FIG. 6 is a graph illustrating the relationship between the timing of start of a third driving pulse and ink discharge amount and speed.

FIG. 7A is a schematic diagram illustrating a fifth driving pulse.

FIG. 7B is a schematic diagram illustrating the state of a pressure chamber associated with the fifth driving pulse illustrated in FIG. 7A.

FIG. 7C is a schematic diagram illustrating the state of a meniscus adjacent to a nozzle.

FIG. 8 is a waveform diagram of a supply signal to be supplied to form a small dot.

FIG. 9 is a waveform diagram of a supply signal to be supplied to form a medium dot.

FIG. 10 is a waveform diagram of a supply signal to be supplied to form a large dot.

A liquid discharge device 20 according to a preferred embodiment of the present invention and an inkjet printer 10 including the liquid discharge device 20 will be described below with reference to the drawings. The preferred embodiments described herein are naturally not intended to limit the present invention in any way. Components and elements having the same functions are identified by the same reference signs, and description thereof will be simplified or omitted when deemed redundant.

FIG. 1 is a perspective view of the inkjet printer 10 according to the present preferred embodiment. The inkjet printer 10 will hereinafter be referred to as a “printer 10”. FIG. 2 is a front view of main components of the printer 10. In FIGS. 1 and 2, the reference sign R represents right, and the reference sign L represents left. The reference sign F represents front, and the reference sign Rr represents rear. Discharge heads 25 (which will be described below) are movable rightward and leftward (see FIG. 2). Recording paper 5 is conveyable forward and rearward. In the present preferred embodiment, the direction of movement of the discharge heads 25 will be referred to as a “main scanning direction Y”, and the direction of conveyance of the recording paper 5 will be referred to as a “sub-scanning direction X”. The main scanning direction Y corresponds to a right-left direction. The sub-scanning direction X corresponds to a front-rear direction. The main scanning direction Y and the sub-scanning direction X are perpendicular to each other. These directions are defined merely for the sake of convenience of description and do not limit in any way how the printer 10 may be installed.
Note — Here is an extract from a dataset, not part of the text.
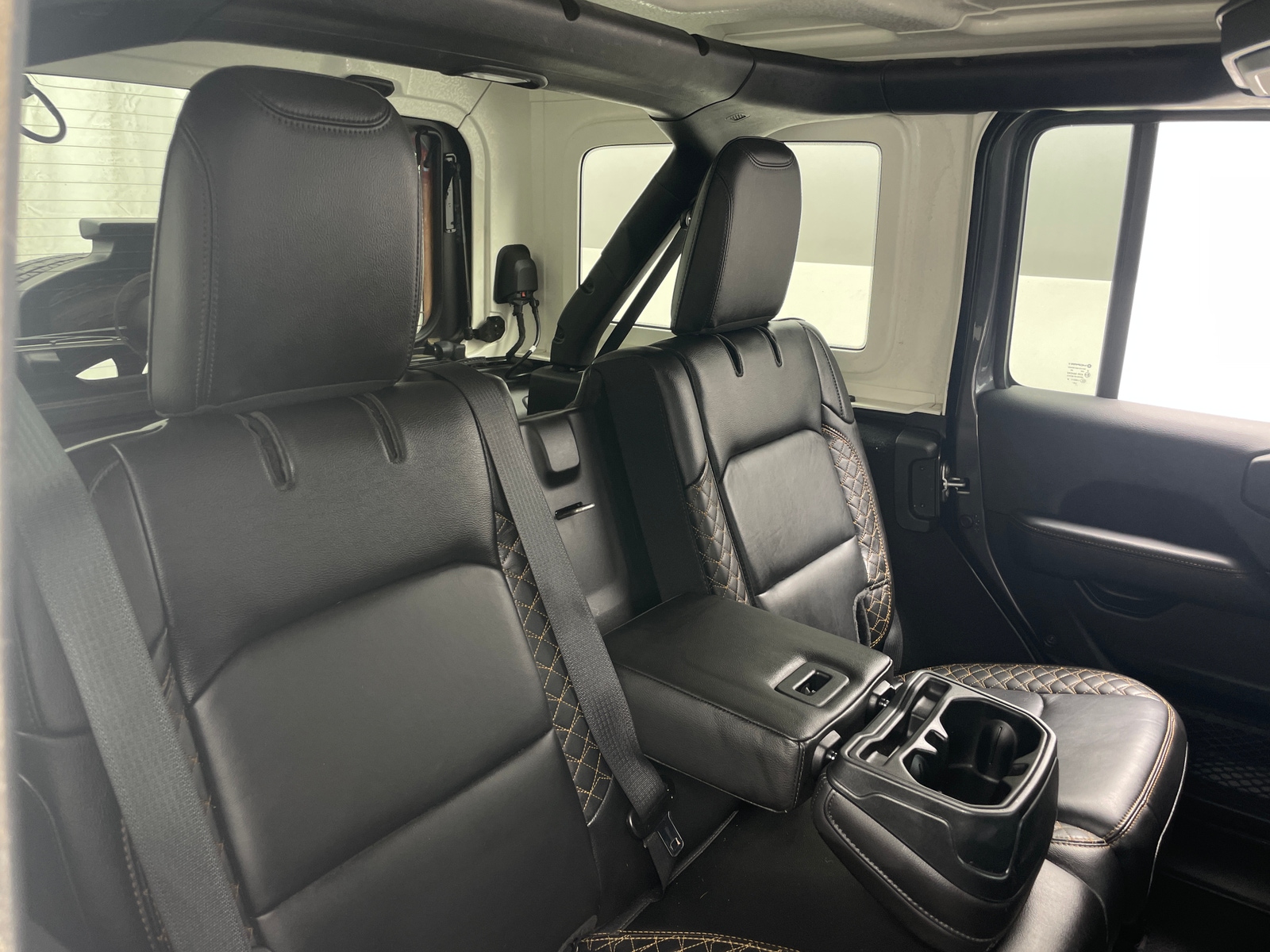 Thumbnail: 2021 Jeep Wrangler - 5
The printer 10 performs printing on the recording paper 5. The recording paper 5 is an example of a recording medium. The recording paper 5 is an example of a target onto which ink is to be discharged. Examples of a recording medium that may be used include not only paper, such as plain paper, but also resin materials, such as polyvinyl chloride (PVC) and polyester, and various other materials, such as aluminum, iron, and wood.
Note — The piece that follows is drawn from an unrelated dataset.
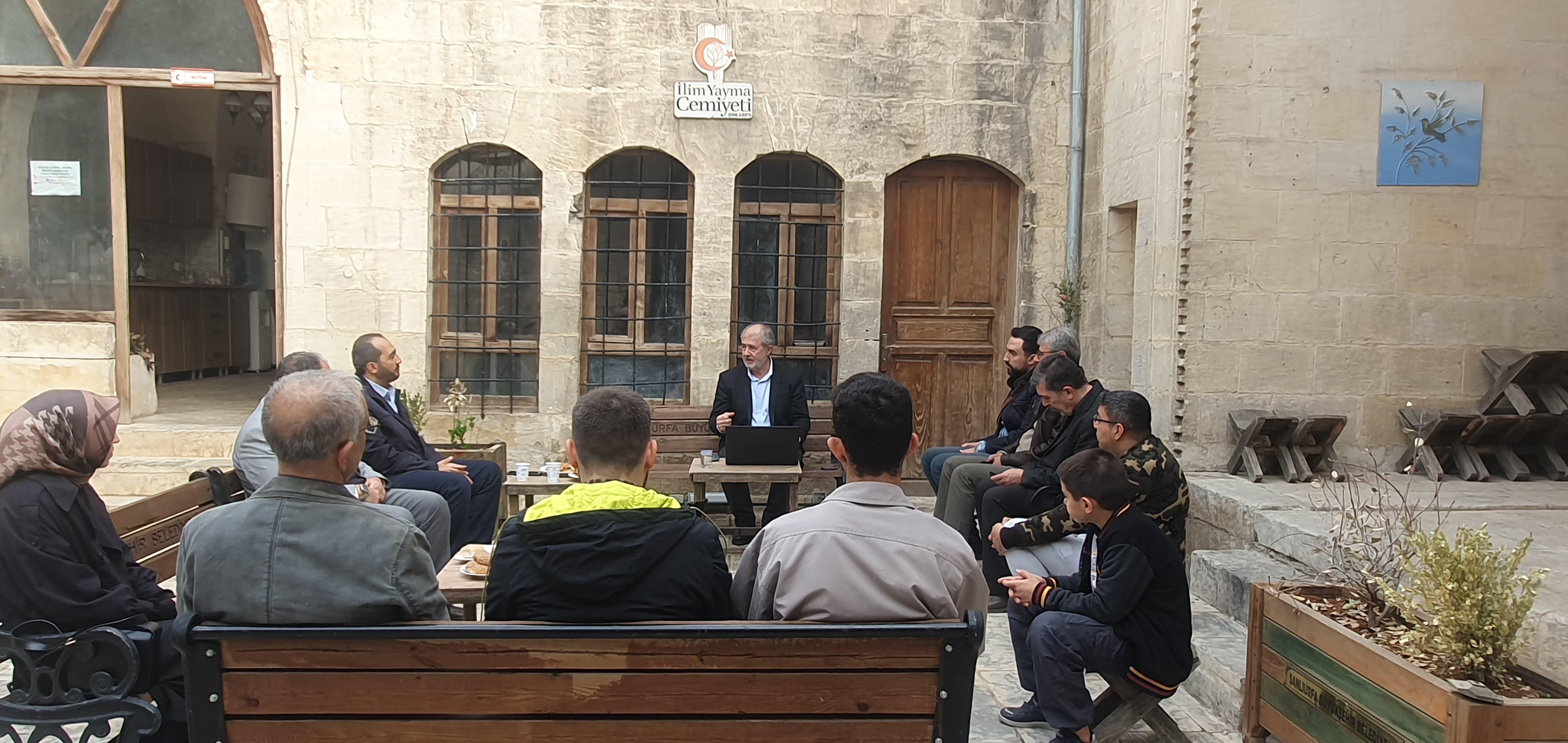 Dekanımız Prof. Dr. Ömer Sabuncu’dan “Urfalı Hattat Behçet Arabi ve Eserleri” Konulu Söyleşi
As illustrated in FIG. 2, the printer 10 includes a casing 12, and a guide rail 13 disposed in the casing 12. The guide rail 13 extends in the right-left direction (i.e., the main scanning direction Y). The guide rail 13 is in engagement with a carriage 11. The carriage 11 is provided with the discharge heads 25 to discharge ink. A carriage mover 18 moves the carriage 11 in a reciprocating manner along the guide rail 13 in the right-left direction. The carriage mover 18 includes: a pulley 29a disposed on the right end of the guide rail 13; and a pulley 29b disposed on the left end of the guide rail 13. A carriage motor 18a is coupled to the pulley 29a. Alternatively, the carriage motor 18a may be coupled to the pulley 29b. The pulley 29a is driven by the carriage motor 18a. An endless belt 16 is wound around the pulleys 29a and 29b. The carriage 11 is secured to the belt 16. Rotation of the pulleys 29a and 29b causes the belt 16 to run. The running of the belt 16 moves the carriage 11 in the right-left direction.

The printer 10 preferably is a wide-format inkjet printer, for example. This means that the printer 10 is larger than a desktop printer for home use, for example. From the viewpoint of increasing throughput, the scanning speed of the carriage 11 may be set to be relatively high, although consideration has to be given to a trade-off between throughput and resolution. In one example, the scanning speed may be set to be about 1300 mm/s to about 1400 mm/s at a driving frequency of about 16 kHz.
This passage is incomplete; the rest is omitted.